## DIRECTIONS FOR THIS TASK
Nothing in the records should be changed in the copy, though the pictures must be left out.

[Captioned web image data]
BEGIN
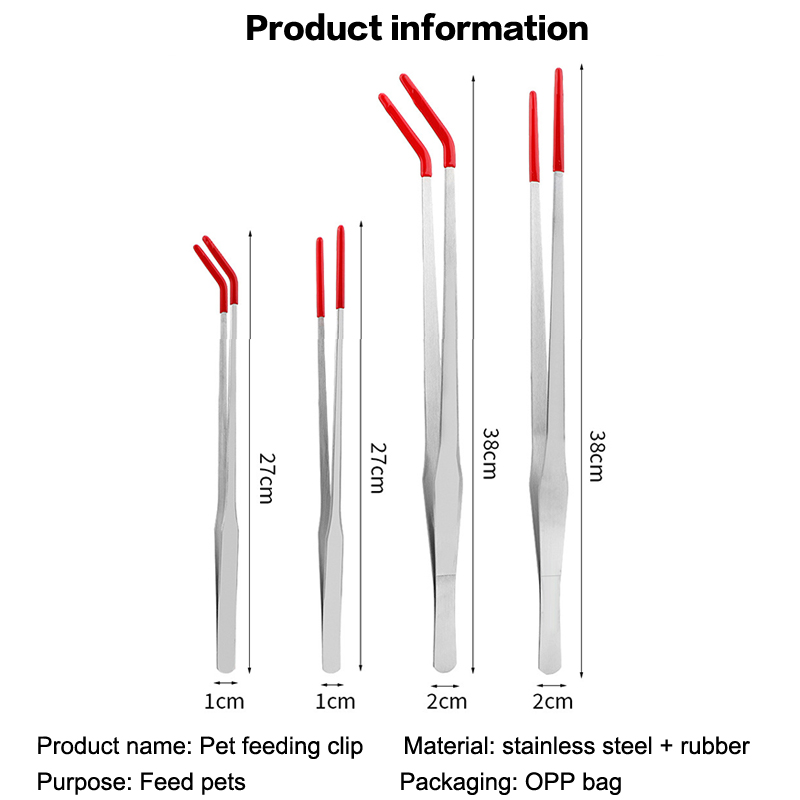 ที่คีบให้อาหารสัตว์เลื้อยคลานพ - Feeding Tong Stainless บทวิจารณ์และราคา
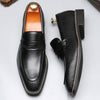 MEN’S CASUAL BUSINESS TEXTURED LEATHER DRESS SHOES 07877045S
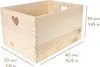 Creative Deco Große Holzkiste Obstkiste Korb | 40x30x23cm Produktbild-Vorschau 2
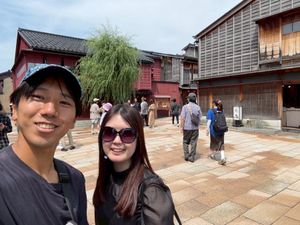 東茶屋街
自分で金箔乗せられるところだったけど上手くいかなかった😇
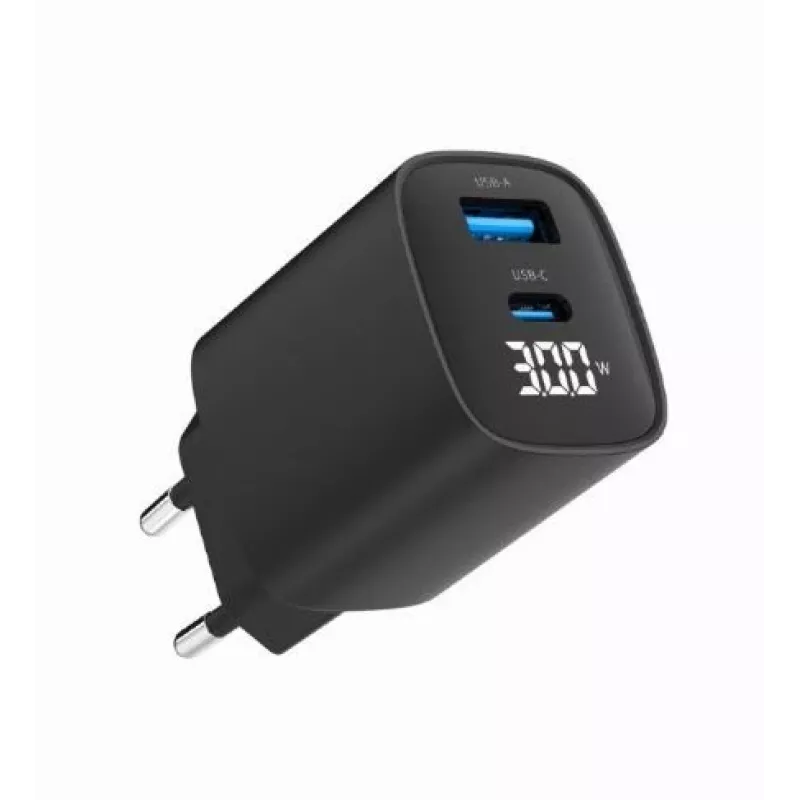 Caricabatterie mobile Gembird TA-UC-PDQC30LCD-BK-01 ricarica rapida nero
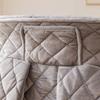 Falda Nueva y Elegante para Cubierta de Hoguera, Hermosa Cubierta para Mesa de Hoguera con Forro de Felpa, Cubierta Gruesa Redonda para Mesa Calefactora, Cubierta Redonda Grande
END
## ANSWER SECTION
 ที่คีบให้อาหารสัตว์เลื้อยคลานพ - Feeding Tong Stainless บทวิจารณ์และราคา
 MEN’S CASUAL BUSINESS TEXTURED LEATHER DRESS SHOES 07877045S
 Creative Deco Große Holzkiste Obstkiste Korb | 40x30x23cm Produktbild-Vorschau 2
 東茶屋街
自分で金箔乗せられるところだったけど上手くいかなかった😇
 Caricabatterie mobile Gembird TA-UC-PDQC30LCD-BK-01 ricarica rapida nero
 Falda Nueva y Elegante para Cubierta de Hoguera, Hermosa Cubierta para Mesa de Hoguera con Forro de Felpa, Cubierta Gruesa Redonda para Mesa Calefactora, Cubierta Redonda Grande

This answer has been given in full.